BEGIN
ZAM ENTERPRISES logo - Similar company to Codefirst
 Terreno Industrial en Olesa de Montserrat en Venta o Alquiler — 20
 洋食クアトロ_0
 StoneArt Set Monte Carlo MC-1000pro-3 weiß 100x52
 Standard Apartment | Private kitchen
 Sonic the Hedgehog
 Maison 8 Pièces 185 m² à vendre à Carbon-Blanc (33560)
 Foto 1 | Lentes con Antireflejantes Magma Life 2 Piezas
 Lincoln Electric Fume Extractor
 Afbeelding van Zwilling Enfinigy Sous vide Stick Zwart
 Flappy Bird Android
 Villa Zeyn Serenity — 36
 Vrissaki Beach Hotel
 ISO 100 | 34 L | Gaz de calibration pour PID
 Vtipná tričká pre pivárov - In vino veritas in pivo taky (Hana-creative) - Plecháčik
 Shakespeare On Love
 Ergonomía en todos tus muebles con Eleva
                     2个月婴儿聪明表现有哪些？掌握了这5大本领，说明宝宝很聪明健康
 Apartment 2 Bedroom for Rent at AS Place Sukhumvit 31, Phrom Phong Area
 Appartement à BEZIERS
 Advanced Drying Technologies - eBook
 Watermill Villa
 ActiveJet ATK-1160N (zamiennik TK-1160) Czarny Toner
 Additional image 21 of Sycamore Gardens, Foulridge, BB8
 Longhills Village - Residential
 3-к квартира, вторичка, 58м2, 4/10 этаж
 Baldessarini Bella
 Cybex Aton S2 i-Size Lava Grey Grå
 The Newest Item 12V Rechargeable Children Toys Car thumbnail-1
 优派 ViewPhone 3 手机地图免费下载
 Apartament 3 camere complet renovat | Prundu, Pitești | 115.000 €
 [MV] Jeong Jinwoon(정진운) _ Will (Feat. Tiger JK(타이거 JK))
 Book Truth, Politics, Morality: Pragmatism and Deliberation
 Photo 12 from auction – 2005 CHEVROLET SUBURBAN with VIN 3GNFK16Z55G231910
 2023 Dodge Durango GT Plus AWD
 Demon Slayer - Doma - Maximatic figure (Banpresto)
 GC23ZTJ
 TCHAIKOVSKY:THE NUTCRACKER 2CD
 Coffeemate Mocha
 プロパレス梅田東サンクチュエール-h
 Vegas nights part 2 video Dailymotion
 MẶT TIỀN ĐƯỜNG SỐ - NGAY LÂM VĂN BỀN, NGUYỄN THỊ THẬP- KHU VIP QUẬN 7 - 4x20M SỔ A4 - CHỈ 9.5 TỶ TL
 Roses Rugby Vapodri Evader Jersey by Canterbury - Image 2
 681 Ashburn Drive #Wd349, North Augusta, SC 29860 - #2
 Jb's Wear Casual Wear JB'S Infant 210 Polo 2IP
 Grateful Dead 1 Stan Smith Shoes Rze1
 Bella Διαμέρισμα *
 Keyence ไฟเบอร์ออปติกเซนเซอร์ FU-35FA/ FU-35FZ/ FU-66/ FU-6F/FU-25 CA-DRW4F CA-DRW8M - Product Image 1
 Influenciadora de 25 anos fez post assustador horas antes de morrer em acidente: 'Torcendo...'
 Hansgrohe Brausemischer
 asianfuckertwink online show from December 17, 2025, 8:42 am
END
→ **WORK ORDER**
Return, exactly, the lines from the first line of the records above to the line containing "Coffeemate Mocha", both included.

→ **SOLVED PROBLEM**
ZAM ENTERPRISES logo - Similar company to Codefirst
 Terreno Industrial en Olesa de Montserrat en Venta o Alquiler — 20
 洋食クアトロ_0
 StoneArt Set Monte Carlo MC-1000pro-3 weiß 100x52
 Standard Apartment | Private kitchen
 Sonic the Hedgehog
 Maison 8 Pièces 185 m² à vendre à Carbon-Blanc (33560)
 Foto 1 | Lentes con Antireflejantes Magma Life 2 Piezas
 Lincoln Electric Fume Extractor
 Afbeelding van Zwilling Enfinigy Sous vide Stick Zwart
 Flappy Bird Android
 Villa Zeyn Serenity — 36
 Vrissaki Beach Hotel
 ISO 100 | 34 L | Gaz de calibration pour PID
 Vtipná tričká pre pivárov - In vino veritas in pivo taky (Hana-creative) - Plecháčik
 Shakespeare On Love
 Ergonomía en todos tus muebles con Eleva
                     2个月婴儿聪明表现有哪些？掌握了这5大本领，说明宝宝很聪明健康
 Apartment 2 Bedroom for Rent at AS Place Sukhumvit 31, Phrom Phong Area
 Appartement à BEZIERS
 Advanced Drying Technologies - eBook
 Watermill Villa
 ActiveJet ATK-1160N (zamiennik TK-1160) Czarny Toner
 Additional image 21 of Sycamore Gardens, Foulridge, BB8
 Longhills Village - Residential
 3-к квартира, вторичка, 58м2, 4/10 этаж
 Baldessarini Bella
 Cybex Aton S2 i-Size Lava Grey Grå
 The Newest Item 12V Rechargeable Children Toys Car thumbnail-1
 优派 ViewPhone 3 手机地图免费下载
 Apartament 3 camere complet renovat | Prundu, Pitești | 115.000 €
 [MV] Jeong Jinwoon(정진운) _ Will (Feat. Tiger JK(타이거 JK))
 Book Truth, Politics, Morality: Pragmatism and Deliberation
 Photo 12 from auction – 2005 CHEVROLET SUBURBAN with VIN 3GNFK16Z55G231910
 2023 Dodge Durango GT Plus AWD
 Demon Slayer - Doma - Maximatic figure (Banpresto)
 GC23ZTJ
 TCHAIKOVSKY:THE NUTCRACKER 2CD
 Coffeemate Mocha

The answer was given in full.